Gehaltvolles Weihnachtskonzert

MAGNIFICAT
(Johann Sebastian Bach, Heinrich Schütz)

Besuch am
23. Dezember 2022
(Einmalige Aufführung)

 

Amici del canto, Kulturzentrum Immanuel, Wuppertal

Der Wuppertaler Kammerchor Amici del canto ist seit 2008 weit über die Stadtgrenzen hinaus bekannt. Damals von Martin Lehmann, der außerdem künstlerischer Leiter der Wuppertaler Kurrende war, ins Leben gerufen, liegt sein Schwerpunkt auf sehr anspruchsvollen A-cappella-Werken der Musikgeschichte bis zur Moderne. Vier Jahre später wechselte der heutige Chef des Dresdner Kreuzchors zum Windsbacher Knabenchor. Dennis Hansel-Dinar übernahm seinen Posten und ist seitdem für hochkarätige Chorkonzerte verantwortlich. Höchste Intonationssicherheit und perfekte harmonische Klangbilder selbst bei komplexer, fremdtonaler, zeitgenössischer Literatur sind sein Markenzeichen. Diese Qualitäten erster Güte der semiprofessionellen Sänger lassen sich mit denen von Profichören messen. So wundert es nicht, dass die Veranstaltungen der Amici auf großen Zuspruch stoßen. Auch machen ihre nicht alltäglichen Programmzusammenstellungen neugierig. Es verwundert also nicht, dass die Musikfreunde in Scharen nach Wuppertal in den Ortsteil Oberbarmen strömen und fast jeden Sitzplatz im Kulturzentrum Immanuel – allseits bekannt als Immanuelskirche – belegen, um sich einen Tag vor Heiligabend anspruchsvoll auf das Fest der Feste einstimmen zu lassen. Bis auf kleine Ausnahmen kommt das Publikum voll auf seine Kosten.
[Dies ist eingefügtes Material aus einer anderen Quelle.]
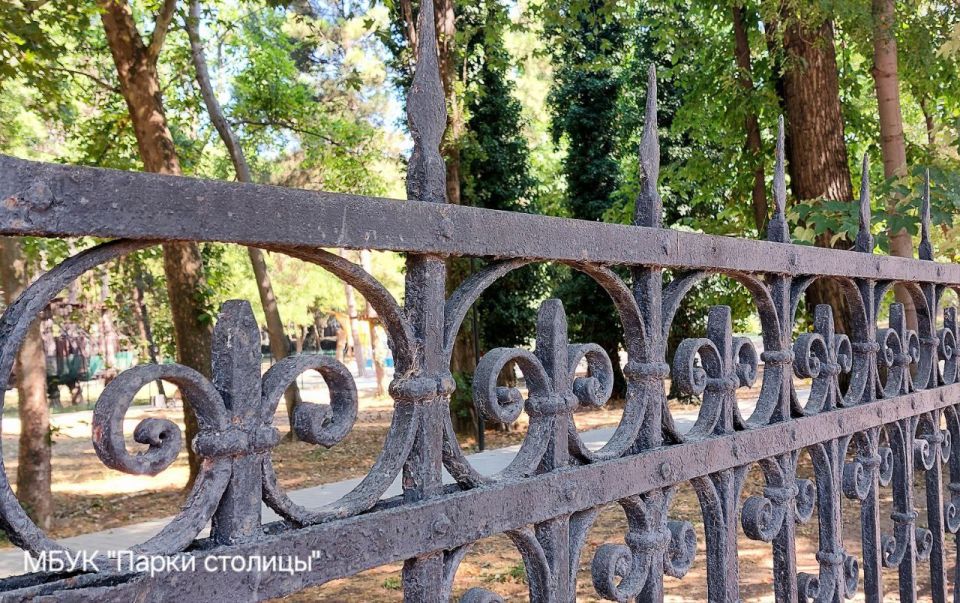 Старинную изгородь восстанавливают в Детском парке Симферополя Старинную изгородь восстанавливают в Детском парке Симферополя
Zweigeteilt ist der kurzweilige Abend. In der ersten Konzerthälfte kommen zunächst die Nummern zwei bis neun aus Johann Sebastian Bachs erster Kantate des Weihnachtsoratoriums – Bach-Werke-Verzeichnis 248 – zur Aufführung, dann die mit SWV 380 versehene Motette Also hat Gott die Welt geliebt von Heinrich Schütz, anschließend acht Teile aus seiner Weihnachtshistorie – Schütz-Werke-Verzeichnis 435 – und zu guter Letzt der Eingangschoral Jauchzet frohlocket aus Bachs oben angeführter Kantate. Diese Abfolge ist zwar ungewöhnlich, aber nachvollziehbar schlüssig. Nach der Pause wird Bachs zweite Fassung seines Magnificats in D-Dur, BWV 243, präsentiert. Die Musikforscher sind sich noch nicht sicher, ob die Urfassung in Es-Dur anno 1723 am Fest Mariä Verkündigung oder im selben Jahr zu Weihnachten aus der Taufe gehoben wurde. Irgendwann werden sie sich bestimmt einigen.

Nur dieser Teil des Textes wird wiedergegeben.